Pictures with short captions
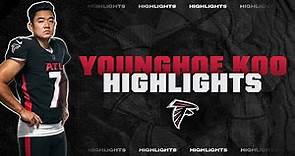 Every Younghoe Koo field goal of the season | Atlanta Falcons Highlights | Best of 2022 | NFL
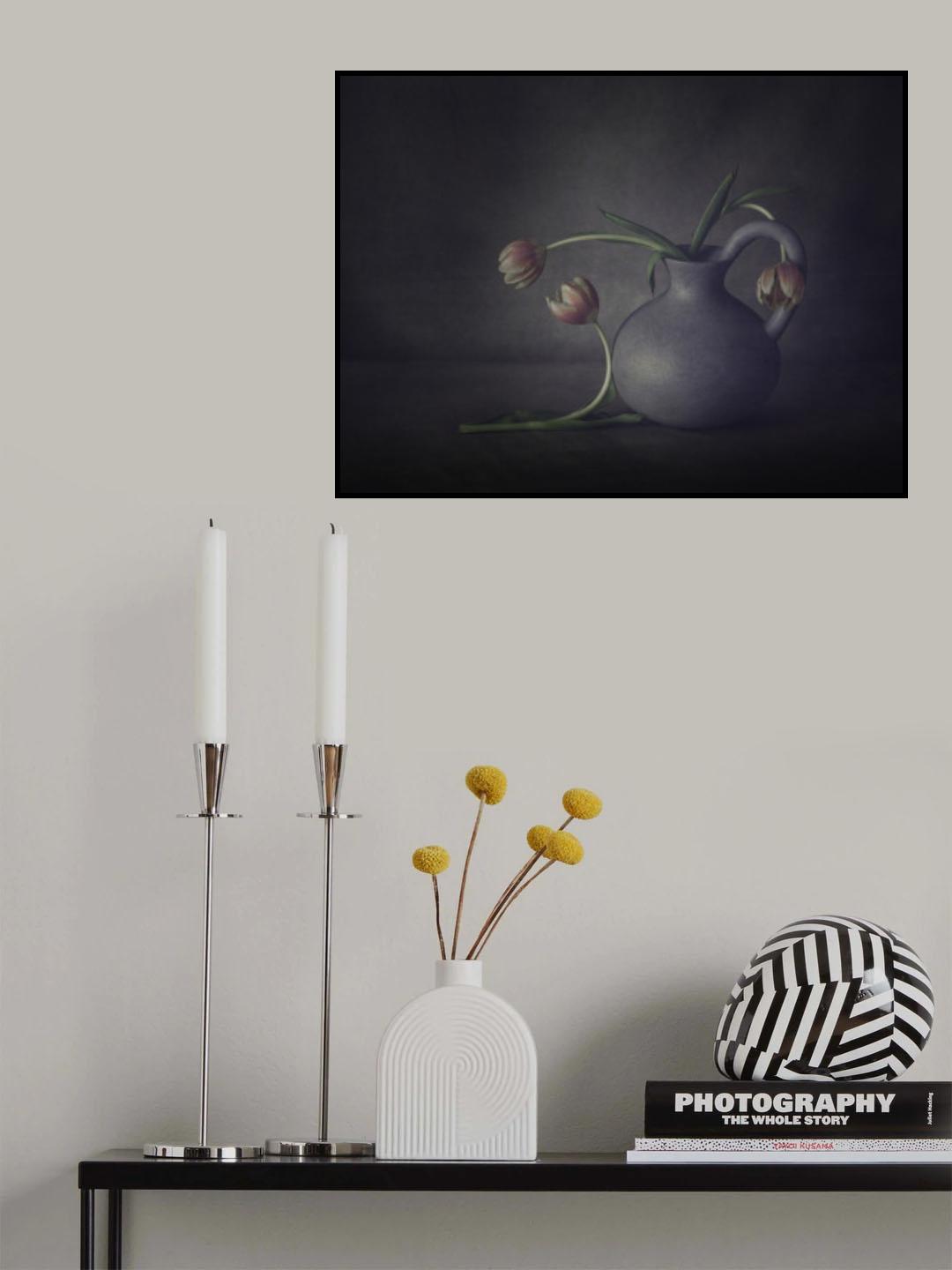 Whispering Poster och Canvastavla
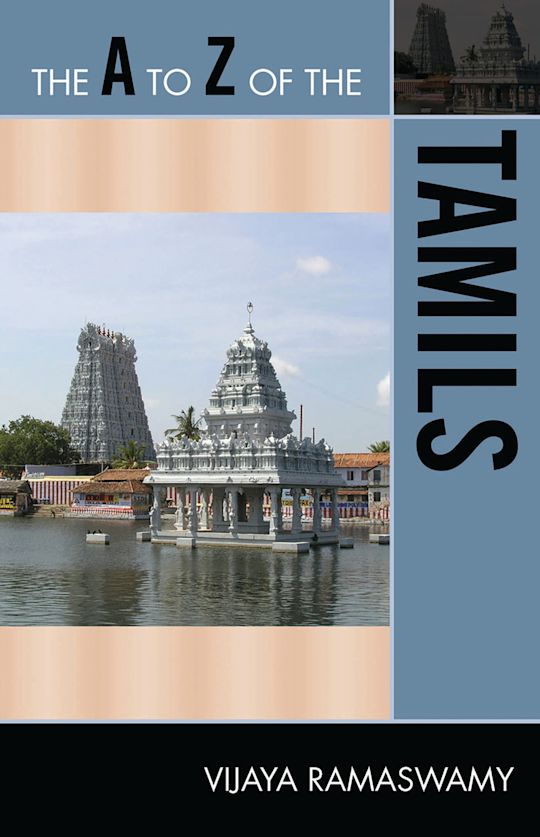 The A to Z of the Tamils cover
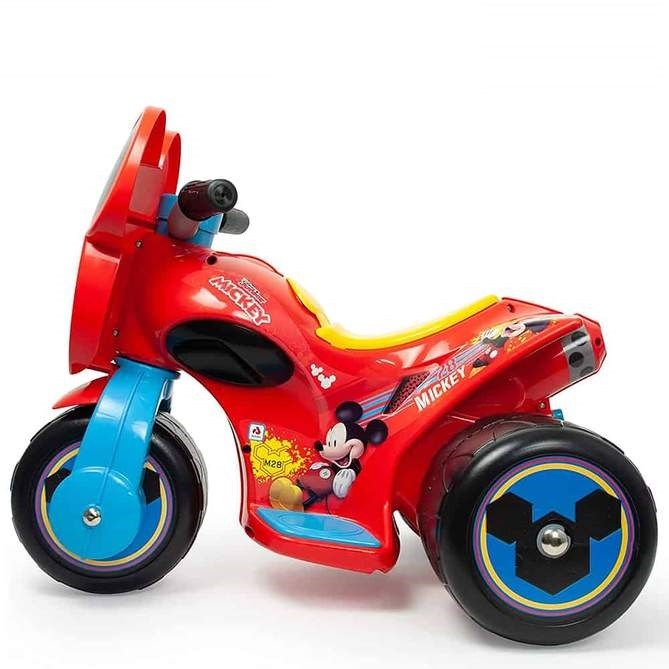 Injusa Trimoto Mickey Mouse 6V Akülü Araç 1 Yaş+ 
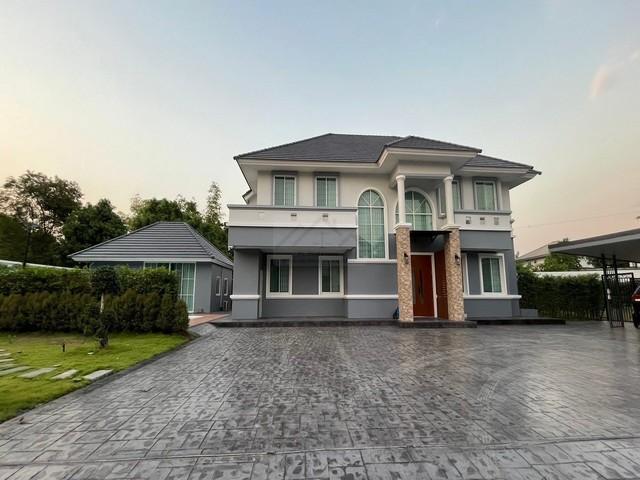 ขายบ้านเดี่ยว 2 ชั้น 400 ตร.ว. บ้านสวนเนรมิตร วัชรพล เพิ่มสิน เฟอร์นิเจอร์พร้อมอยู่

## What to do
Every line above should be copied exactly, apart from any pictures.

## Exercise solution
 Every Younghoe Koo field goal of the season | Atlanta Falcons Highlights | Best of 2022 | NFL
 Whispering Poster och Canvastavla
 The A to Z of the Tamils cover
 Injusa Trimoto Mickey Mouse 6V Akülü Araç 1 Yaş+ 
 ขายบ้านเดี่ยว 2 ชั้น 400 ตร.ว. บ้านสวนเนรมิตร วัชรพล เพิ่มสิน เฟอร์นิเจอร์พร้อมอยู่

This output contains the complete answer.